Datacenters

Lecture Notes for CS 142
Fall 2010
John Ousterhout

  • Readings for this topic:
    • YouTube video on Google datacenter: http://www.youtube.com/watch?v=bs3Et540-_s\
  • Evolution of datacenters:
    • 1960's, 1970's: a few very large time-shared computers
    • 1980's, 1990's: heterogeneous collection of lots of smaller machines.
    • Today and into the future:
      • Large numbers of nearly identical machines.
      • Individual applications use thousands of machines simultaneously.
  • Typical specs for a new datacenter today:
    • 50,000-200,000 machines
    • 15-30 MW power
    • $0.5B construction cost
    • Onsite staff (security, administration): 15
  • Typical organization of a datacenter:
    • Individual machine:
      • 4-8 cores
      • DRAM: 4-16 GB @ 100ns access time
      • Disk: 2 TB @ 10ms access time
    • Rack:
      • 50 machines
      • DRAM: 200-800GB @ 300 microseconds access time
      • Disk: 100 TB @ 10ms access time
    • Row/cluster:
      • 30+ racks (1500 machines, 6000-12000 cores)
      • DRAM: 6-24TB @ 500 microseconds access time
      • Disk: 3PB @ 10ms access time
  • New modular structure for datacenters: cargo containers.
  • Networking within a datacenter:
    • Hierarchically organized:
      • Top-of-rack switch
      • End-of-row router
      • Core router
    • Ideal: "full bisection bandwidth"
    • In practice today: 100x oversubscription.

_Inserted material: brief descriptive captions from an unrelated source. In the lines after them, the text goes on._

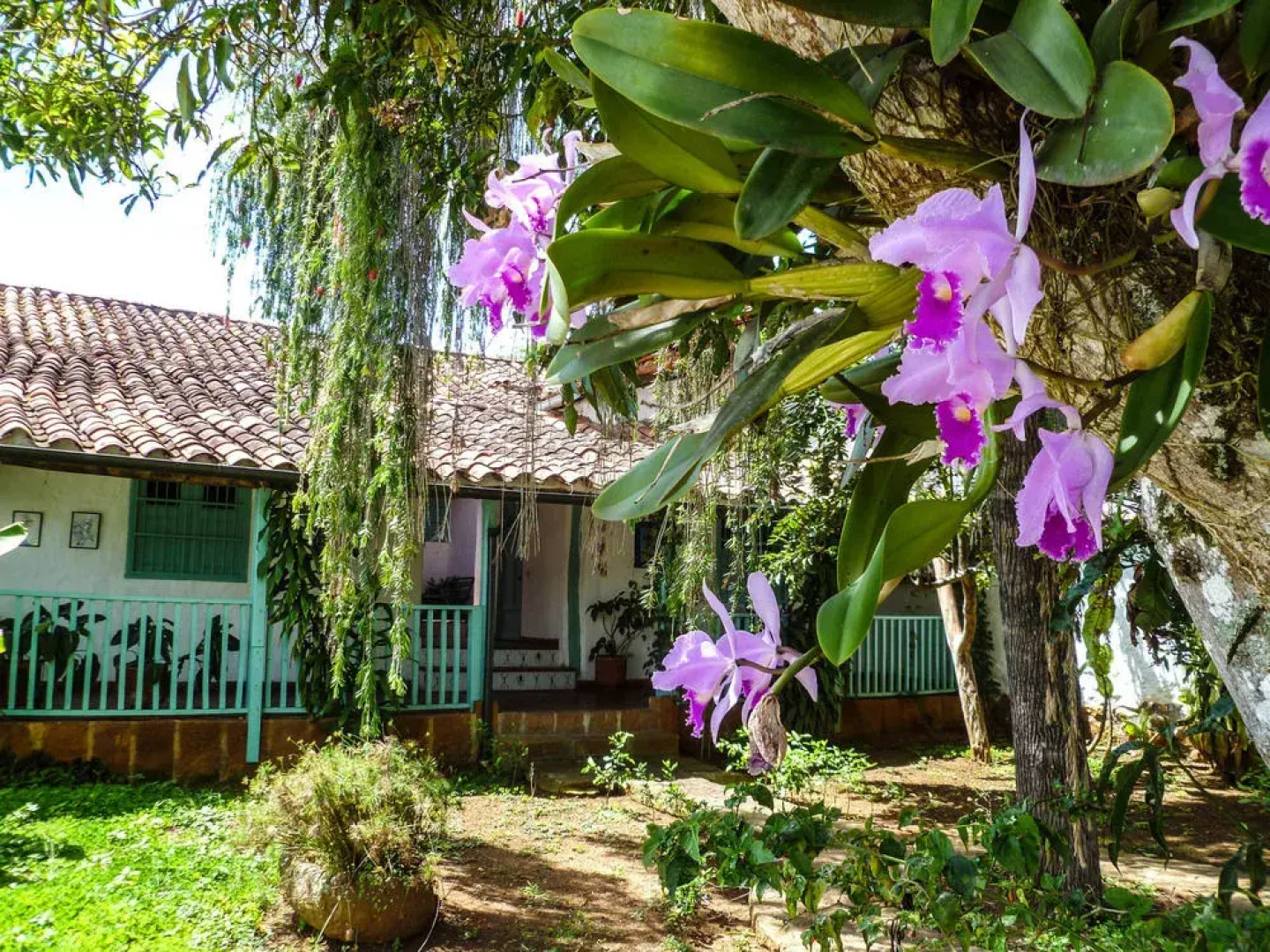 Hotel Mision Santa Barbara RNT 4799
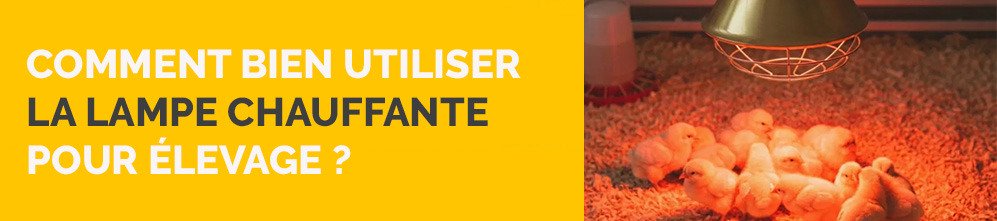 Comment bien utiliser la lampe chauffante pour élevage ?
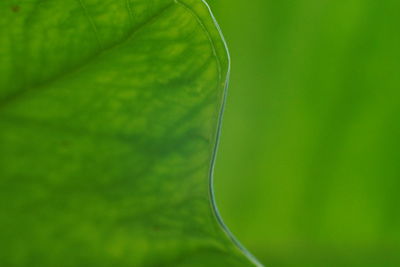 Close-up of fresh green leaf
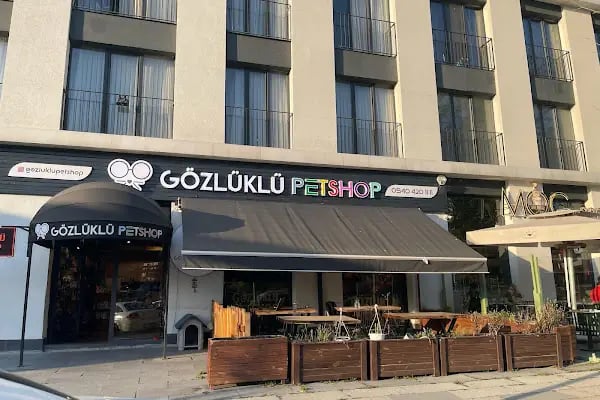 Gözlüklü Petshop - Resim 4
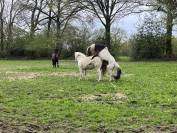 Poney entier
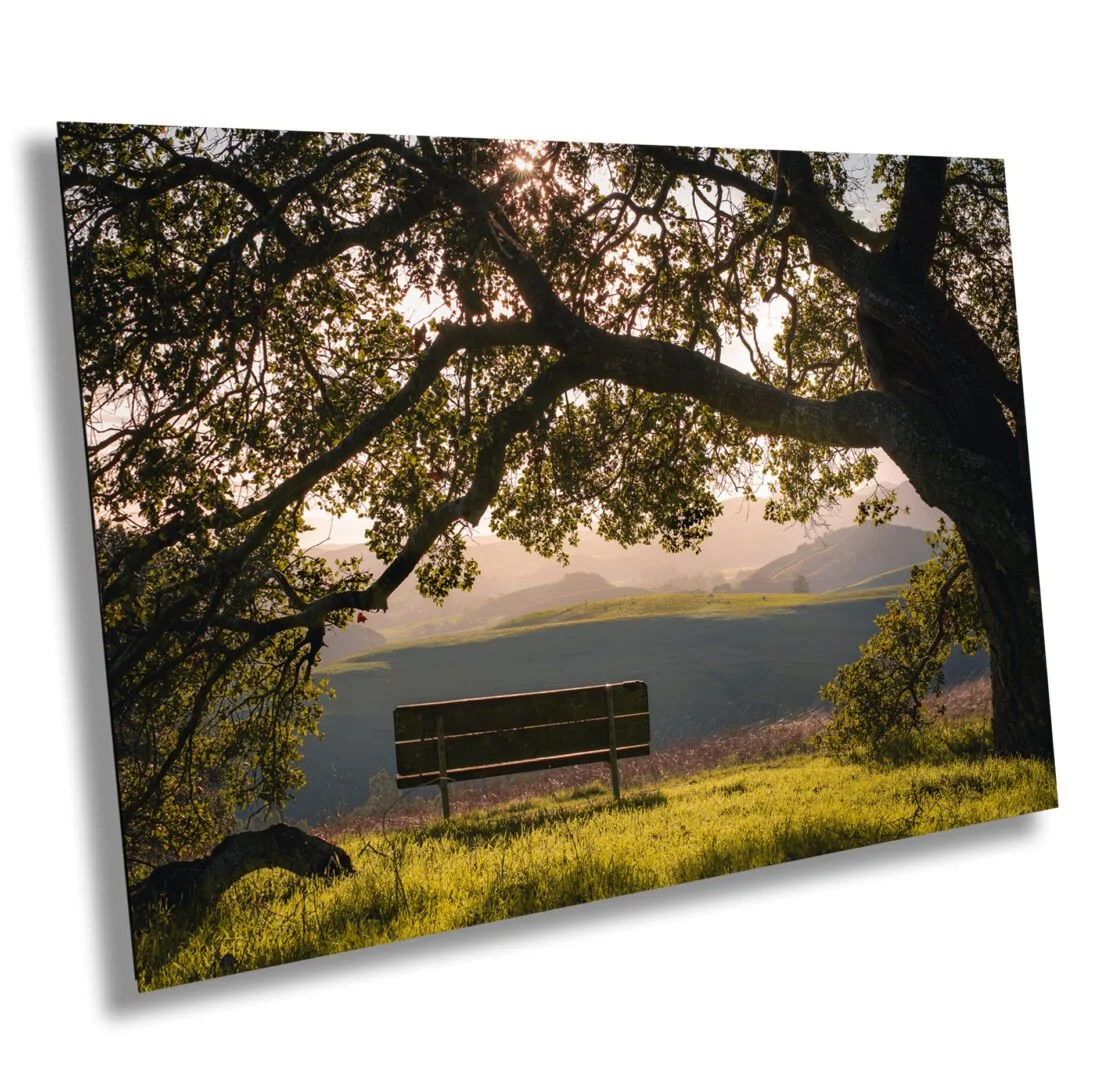 A scenic landscape with a large tree in the foreground, a wooden bench facing away, rolling hills in the distance, and the sun shining through the branches.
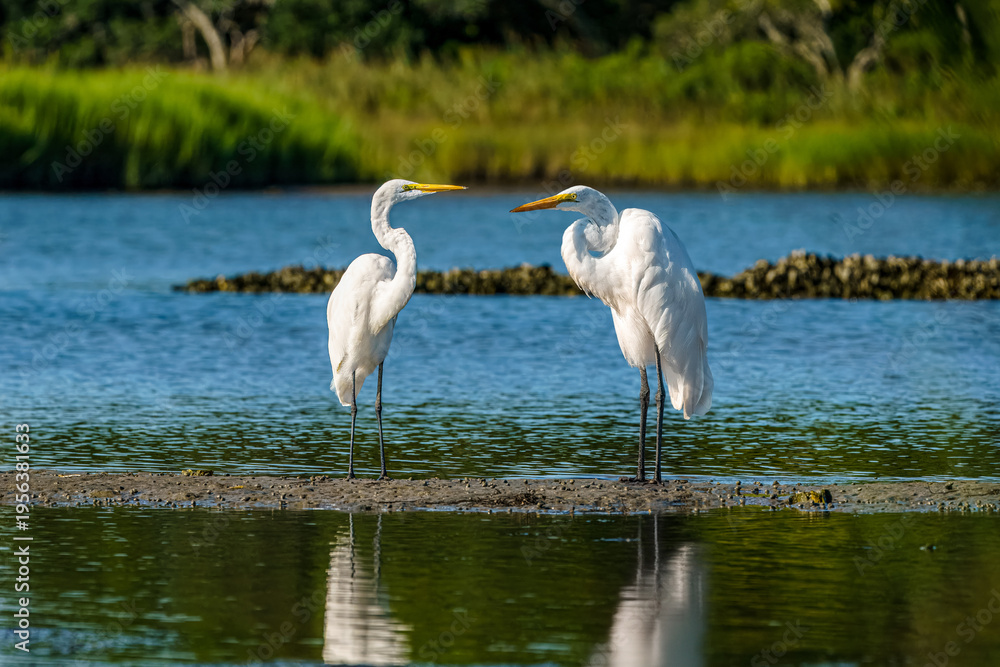 Obraz premium Snowy White Egrets in the Wetlands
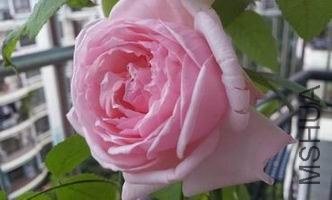 20121022_065752.jpg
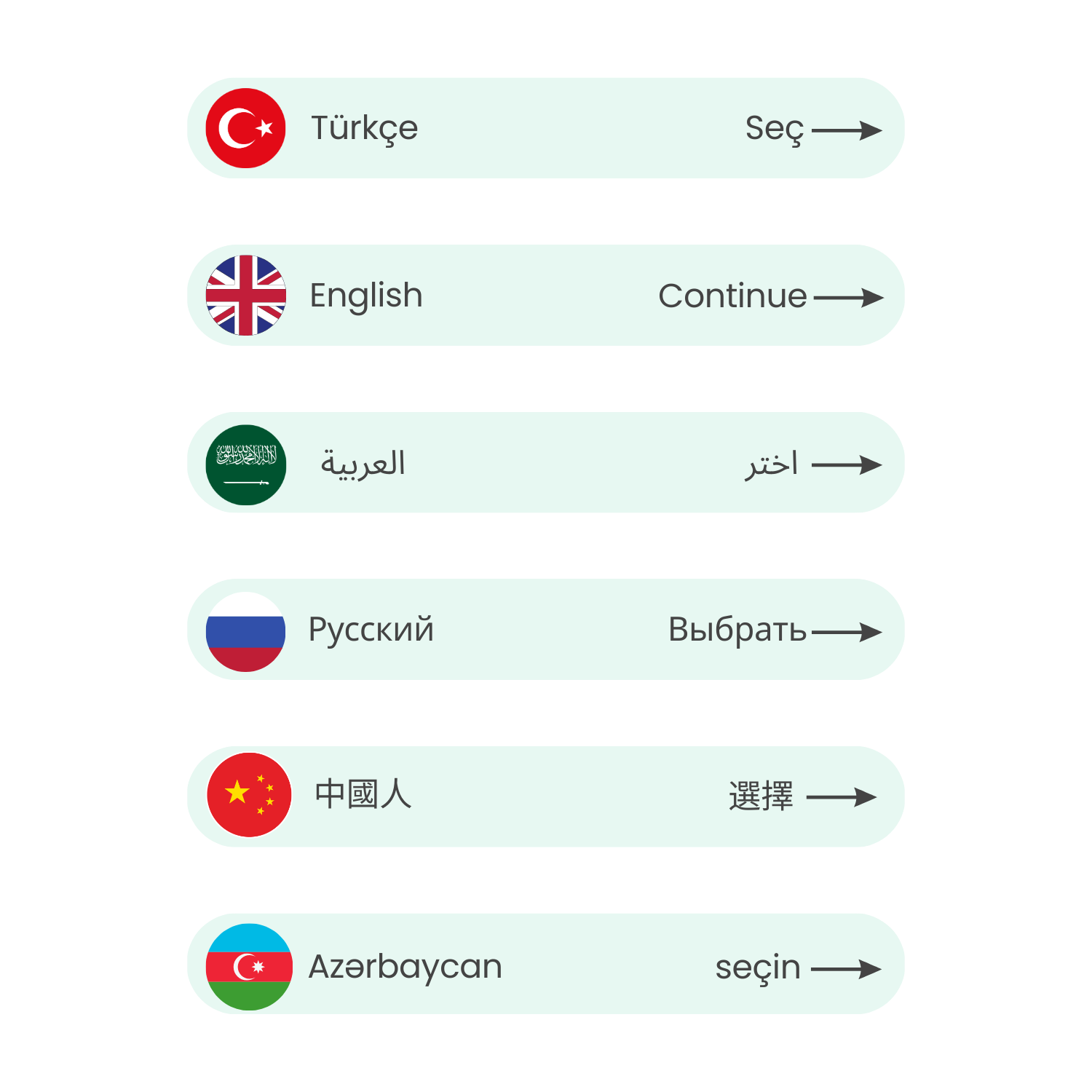 Ens Soft Çoklu Dil Seçeneği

    • Assumes applications have locality, but this is hard to achieve in practice.
  • Power Usage Effectiveness (PUE):
    • Ratio of (Total Facility Power)/(Server/Network Power)
    • Typical ratios: 1.7-2.0.
    • Best-known (Google): 1.15
    • Anything above 1.0 is wasted in power distribution and cooling.
    • Power is about 25% of monthly operating cost
    • Locate new datacenters near cheap power?
  • Fault-tolerance:
    • At the scale of new datacenters, things are breaking constantly.
    • Every aspect of the datacenter must be able to tolerate failures.